• **Activity**
Print exactly, and only, the lines from the one containing "果蔬百科蚕豆肉圆汤-0" through the last line of the records below, both included; leave out the pictures.
##### Input data #####
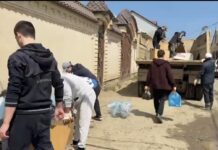 Мэрия Махачкалы совместно с депутатами горсобрания провели субботник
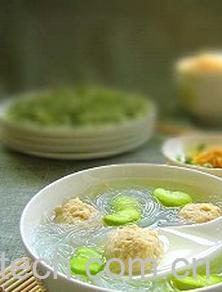 果蔬百科蚕豆肉圆汤-0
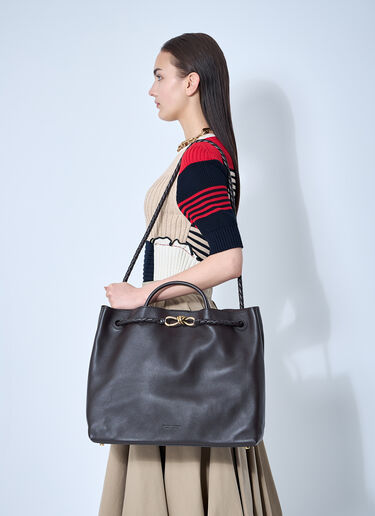 Bottega Veneta Large Andiamo Handbag Brown bov0259045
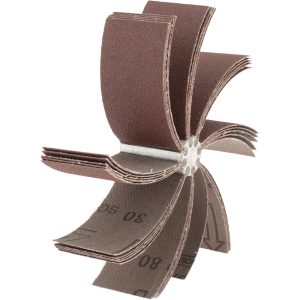 MERIT ABRASIVES 80 Grit, Coated, Aluminum Oxide Bore Polisher 08834154173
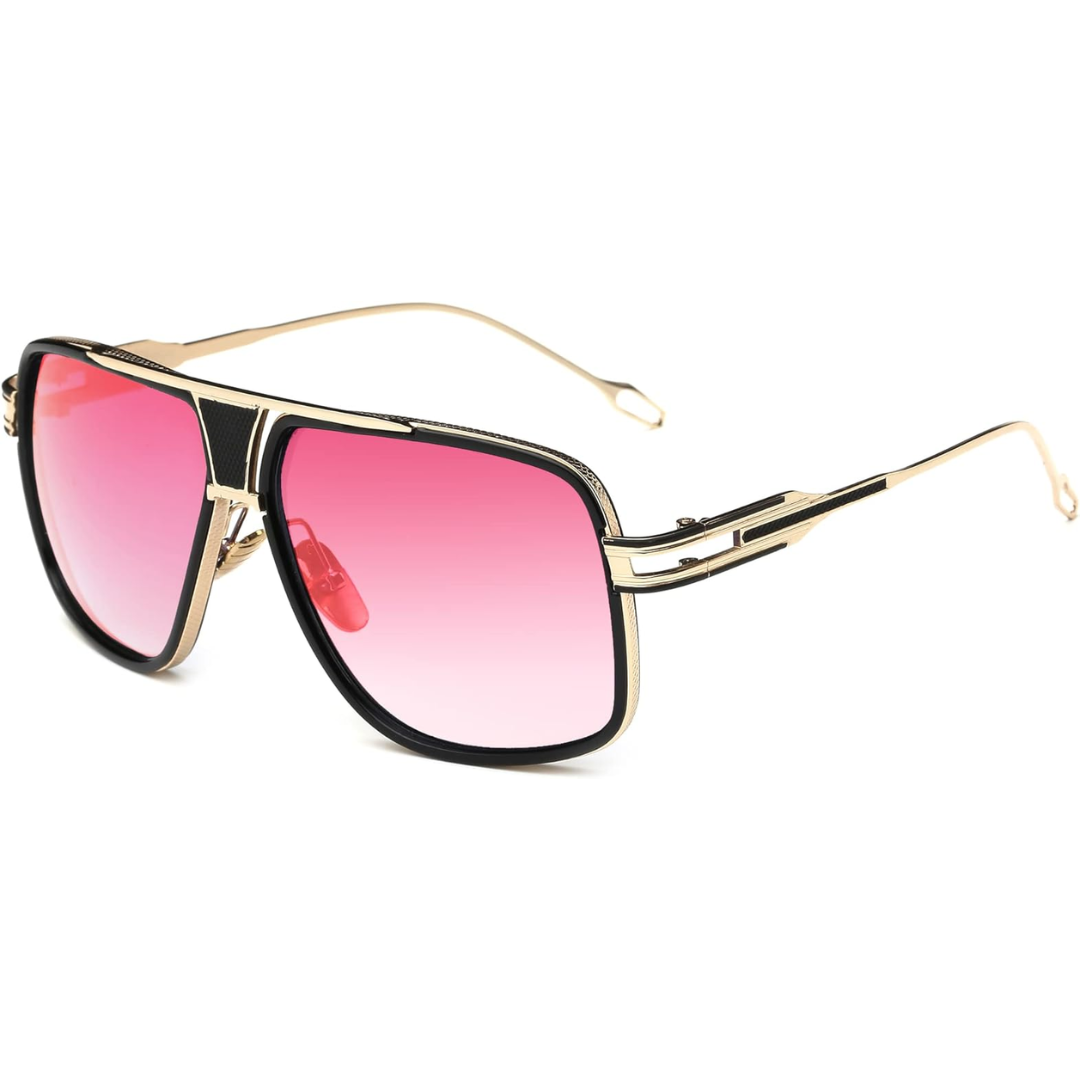 Classic Aviator Sunglasses for Men with 100% UV Protection | Lightweight Alloy Frame for All-Day Comfort 6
#####
• **Your response**
 果蔬百科蚕豆肉圆汤-0
 Bottega Veneta Large Andiamo Handbag Brown bov0259045
 MERIT ABRASIVES 80 Grit, Coated, Aluminum Oxide Bore Polisher 08834154173
 Classic Aviator Sunglasses for Men with 100% UV Protection | Lightweight Alloy Frame for All-Day Comfort 6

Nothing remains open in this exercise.